Cascade du Rio Celeste, dans le Parc National du volcan Tenorio au Costa Rica. © Instituto Costarricense de Turismo

Lors des décennies suivantes, le pays dut faire face d’une part à une brutale chute des cours du café (produit phare de son économie) et, d’autre part, aux pressions intenables des US, entrés en conflit ouvert avec le Nicaragua. Économiquement, le développement du Costa Rica s’engagea dans un déboisement massif, en vue de la production de bois, l’accroissement des terres agricoles et la mise en place d’infrastructures modernes. Cette démarche fait encore débat. Politiquement, un tournant majeur s’amorça en 1986 : rejetant la prédominance américaine, le pays réaffirma son indépendance et son modèle de société par la voix d’Oscar Arias, récompensé par le prix Nobel de la paix en 1987. A partir de là, le Costa Rica s’orienta vers une Révolution Verte. Le facteur majeur de développement fut misé sur l’ouverture du pays au tourisme et la préservation de l’environnement. L’un n’allant pas sans l’autre : la préservation de la nature attire les visiteurs étrangers qui dopent ainsi l’économie du pays. L’entreprise fut un succès. En 1995, les 125 sites protégés engrangeaient de tels bénéfices que les propriétaires privés furent à leur tour tentés de créer des réserves écologiques. Les revenus tirés du tourisme dépassèrent ceux de la production de café et de bananes. En 1999, plus d’un million de touristes se rendaient au Costa Rica. Classé à la première place du Happy Planet Index depuis 2009, à la 5eme place de l’indice de performance environnementale en 2012, le pays n’a depuis jamais démenti sa vision sociétale.

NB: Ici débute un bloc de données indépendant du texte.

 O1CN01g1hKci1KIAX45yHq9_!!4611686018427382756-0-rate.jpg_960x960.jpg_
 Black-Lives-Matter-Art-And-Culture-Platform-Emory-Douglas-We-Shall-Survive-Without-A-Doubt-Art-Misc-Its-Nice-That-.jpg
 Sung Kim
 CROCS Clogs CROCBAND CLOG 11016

… Le paresseux, trop fatigué, s’est arrêté. Les visiteurs font halte sur la plage et il est temps de rentrer à l’hôtel, car demain nous partons vers le parc national de Corcovado, réputé pour son exceptionnelle concentration de biodiversité.

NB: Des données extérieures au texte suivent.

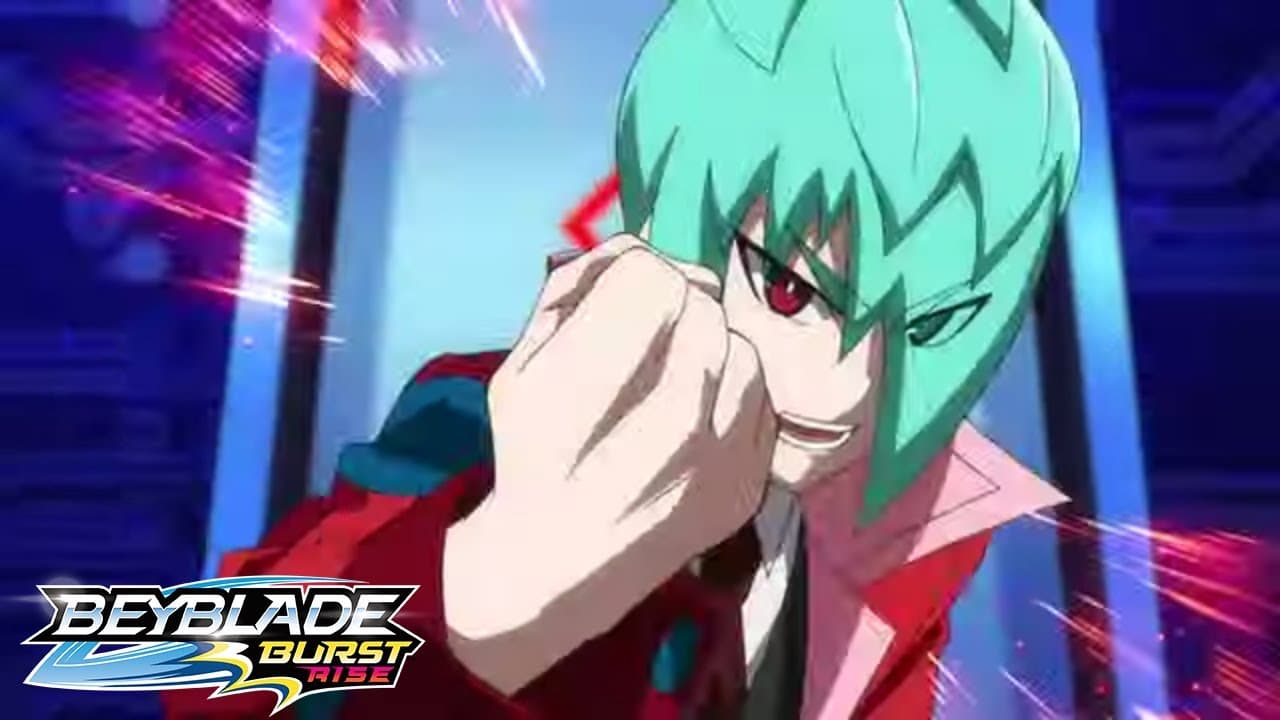 Partie 2 : La revanche de Devolos !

Plage du parc national de Cahuita au Costa Rica. © Instituto Costarricense de Turismo

Au petit matin, changement de décor. Les hordes de visiteurs ont disparu, les infrastructures sont plus modestes et un sentiment palpable mais indéfinissable me gagne. Nous pénétrons les sentiers touffus, boussole en main, réserves abondantes d’eau dans le sac à dos, avec en tête les recommandations précises de notre guide – moins bonhomme il faut l’avouer. Il a plus l’allure d’un Indiana Jones que d’un Tico grassouillet. On comprend vite pourquoi. De part et d’autre, du sol, du ciel, de droite, de gauche, la nature emplit l’espace de son immense vie. Un crissement : de toutes parts surgit une armée de singes hurleurs à manteau, accompagnés de capucins blancs. Un bruissement et mille ailes se déploient. Est-ce un ara rouge, une harpie féroce, un pécaris à collier, une buse des mangroves, un toucan de Swainson, un araçaris de Frantzius ou un cotinga turquoise ? Qui peut connaître les 900 espèces d’oiseaux que compte le pays ? Pas le temps de réfléchir, des ombres animales se dessinent. Un tapir de Baird ? Un fourmilier géant ? Un capucin moine ? Un écureuil à queue rouge ? Un tamandua du Mexique ? Ne bougez pas. Un jaguar rode peut-être… !

On ne sait plus trop comment l’on sort d’une telle immersion dans la vie sauvage. Finalement, on a juste entraperçu l’incroyable foisonnement d’un territoire enfin livré à lui-même, sans la prégnance de l’homme. Le soir, assis sur la terrasse de mon bungalow, à la lisière de la jungle, la nature m’offre encore une preuve stupéfiante de sa vitalité. Sifflements, chants, cris, ululements, grincements, vrombissements, rugissements composent un étourdissant concert vivant dont la puissance ne peut que souligner la pauvre pâleur des bruits de nos vies.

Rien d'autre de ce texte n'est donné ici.